ANASTRO1 — IN DEPTH.
What Anastrozole is
Anastrozole, sold as Arimidex by AstraZeneca and several generic manufacturers, is a third-generation non-steroidal aromatase inhibitor (AI). It selectively binds the aromatase enzyme and prevents the conversion of androgens to estrogens. It is a first-line endocrine treatment for hormone-receptor-positive breast cancer in post-menopausal women, and it is the most commonly used AI in anabolic-steroid cycle support.
Pharmacology and kinetics
Plasma half-life is approximately 50 hours, giving anastrozole a long, stable suppression of estradiol production from a single dose. Steady-state serum levels are reached after about a week of regular administration. Anastrozole is reversible — once dosing stops, aromatase activity recovers within days — which makes it easy to titrate against bloodwork.
Where it fits in a cycle
Anastrozole is an on-cycle estrogen control compound, used to keep estradiol within physiological range while running aromatising anabolics such as testosterone, methandienone or oxymetholone.

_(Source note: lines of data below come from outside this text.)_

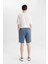 Slim Fit Dar Kesim Cepli Basic Düz Bermuda Şort W1105AZ24SM 7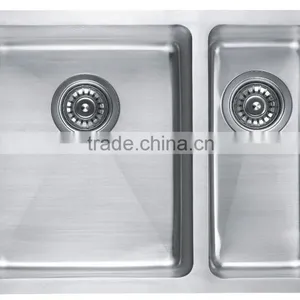 Two Bowls Stainless Steel Commerical Hand Made Kitchen Sink With Drainboard GR-606 thumbnail-3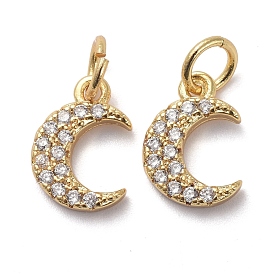 Brass Micro Pave Clear Cubic Zirconia Charms, with Jump Rings, Moon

Typical doses range from 1 mg twice per week to 1 mg every other day, adjusted against E2 bloodwork — over-suppression of estrogen is its own problem and produces joint pain, lipid disturbance and libido loss.
What to expect
Controlled estradiol levels, reduced water retention, lower risk of gynecomastia, and predictable on-cycle bloodwork when dosed correctly. It is not a PCT compound — SERMs (clomiphene, tamoxifen) are used for HPTA recovery instead.
Blackbird Pharma's preparation
Anastro 1 is supplied as 50 oral capsules of micronised anastrozole in microcrystalline cellulose with a gelatin shell. Each active batch is supported by an independent EU laboratory certificate confirming identity and per-capsule content.